Distributions from 401(k) plans, including those that occur upon the death or disability of a plan participant who has taken a loan, are potentially subject to two federal taxes and state income taxes, depending upon state of residence, namely: a) federal excise tax (10%) on total distribution if the recipient is under age 59½; b) federal income tax on the total amount of any distribution, which is treated as ordinary income; and c) state income tax, if applicable, on the total amount of any distribution, which is treated as ordinary income.
Uninsured death or disability of a participant loan recipient will result in as much as 30% to 40% of the imputed distribution—i.e., the unpaid loan balance—being paid out to satisfy the resultant tax obligation. Volatility in the financial markets at the time of death or disability may leave the plan account with plan asset value inadequate to satisfy even the loan obligation, much less the tax obligation on the imputed distribution of the unpaid loan balance, thereby depleting or even exhausting plan account assets.
Banks and other financial institutions for years have demanded “insurance security,” even for “secured” consumer loans before the transactions close. For example, consumer loans secured by a motor vehicle also require auto insurance with the bank being named as loss payee. Similarly, consumer loans secured by a home also require homeowner's insurance with the bank being named as loss payee. Also, commercial loans to small businesses often require “key person” coverage, with the bank receiving a collateral assignment of the policy. So-called “credit life” insurance has also been offered to cover certain consumer indebtedness, though this practice, where it has occurred, generally has been discredited as a form of virtual usury and has consequently been avoided.

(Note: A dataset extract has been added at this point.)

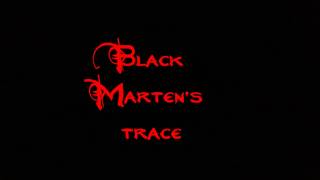 Kalmah - Black Marten&#39;s Trace [Lyrics] [HD]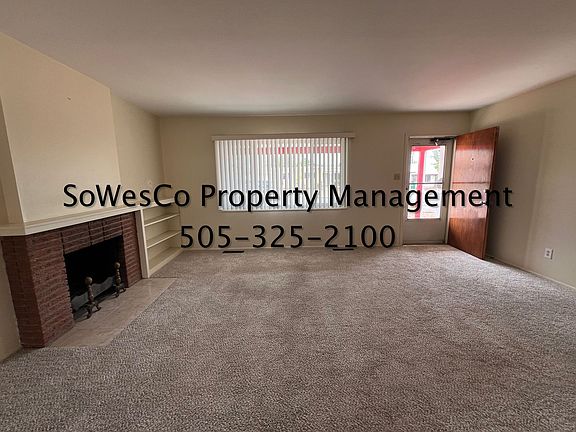 2nd image of 1507 Zuni Dr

A provision of regulation Z (Section 226.4) of the consumer credit regulation related to loan disclosures makes it possible for plan sponsors/trustee/administrator, that already manage their 401(k) loans under consumer lending provisions as do banks, to more completely fulfill their fiduciary role. Under the provisions of regulation Z, plan sponsors accepting the pension insurance program, would require plan participants to provide insurance coverage as a condition of credit. They could allow their plan participants to choose coverage under a group (credit) life or a group (credit) life & disability policy issued to the plan trust as policyholder on behalf of plan participants and their plan accounts, or plan participants could opt-out of the group insurance policy and arrange for coverage anywhere they choose, posting it as a collateral assignment to the plan. Current practices, however, leave the option to the consumer as to whether they elect to have insurance coverage. Current practices also place the burden on a plan participant and beneficiary (usually low wage earners), positioning them as adversaries of the plan. The impact of “current practices” is that the deficiency to a pension plan unnecessarily dissipates plan assets, a conceptual violation of the plan sponsor's and plan trustee's role as fiduciary. What is needed is a pension insurance plan that fulfills the so-called “prudent man” test imposed by ERISA (Employee Retirement Income Security Act of 1974, as amended), a requirement not currently adequately being fulfilled currently by plan sponsors and pension fiduciaries.